# Exercise aim
Among the lines of the records, please find those that contain the word "Image" and copy them.

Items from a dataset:
————————

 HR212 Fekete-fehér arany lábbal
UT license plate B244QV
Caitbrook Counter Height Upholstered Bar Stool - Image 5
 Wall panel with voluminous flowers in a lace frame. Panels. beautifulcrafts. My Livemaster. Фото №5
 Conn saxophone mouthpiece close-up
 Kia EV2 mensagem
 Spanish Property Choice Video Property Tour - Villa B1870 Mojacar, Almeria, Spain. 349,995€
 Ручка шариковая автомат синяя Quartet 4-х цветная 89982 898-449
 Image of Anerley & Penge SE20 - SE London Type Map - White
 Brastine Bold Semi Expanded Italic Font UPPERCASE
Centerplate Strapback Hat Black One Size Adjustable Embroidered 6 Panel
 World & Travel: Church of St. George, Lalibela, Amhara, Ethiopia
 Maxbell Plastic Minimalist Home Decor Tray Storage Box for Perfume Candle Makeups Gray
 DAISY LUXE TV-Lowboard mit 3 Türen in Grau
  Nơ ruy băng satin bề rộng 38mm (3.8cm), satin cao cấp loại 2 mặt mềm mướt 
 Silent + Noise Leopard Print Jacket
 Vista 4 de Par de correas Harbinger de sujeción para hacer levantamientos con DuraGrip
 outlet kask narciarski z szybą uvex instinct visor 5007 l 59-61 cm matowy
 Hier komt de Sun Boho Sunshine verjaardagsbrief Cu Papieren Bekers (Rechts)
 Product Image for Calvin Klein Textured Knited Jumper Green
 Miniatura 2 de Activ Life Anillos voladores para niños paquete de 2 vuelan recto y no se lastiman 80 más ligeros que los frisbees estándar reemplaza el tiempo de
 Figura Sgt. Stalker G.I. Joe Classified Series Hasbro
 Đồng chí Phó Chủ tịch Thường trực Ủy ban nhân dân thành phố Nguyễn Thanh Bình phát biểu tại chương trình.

————————

# Written reply
Caitbrook Counter Height Upholstered Bar Stool - Image 5
 Image of Anerley & Penge SE20 - SE London Type Map - White
 Product Image for Calvin Klein Textured Knited Jumper Green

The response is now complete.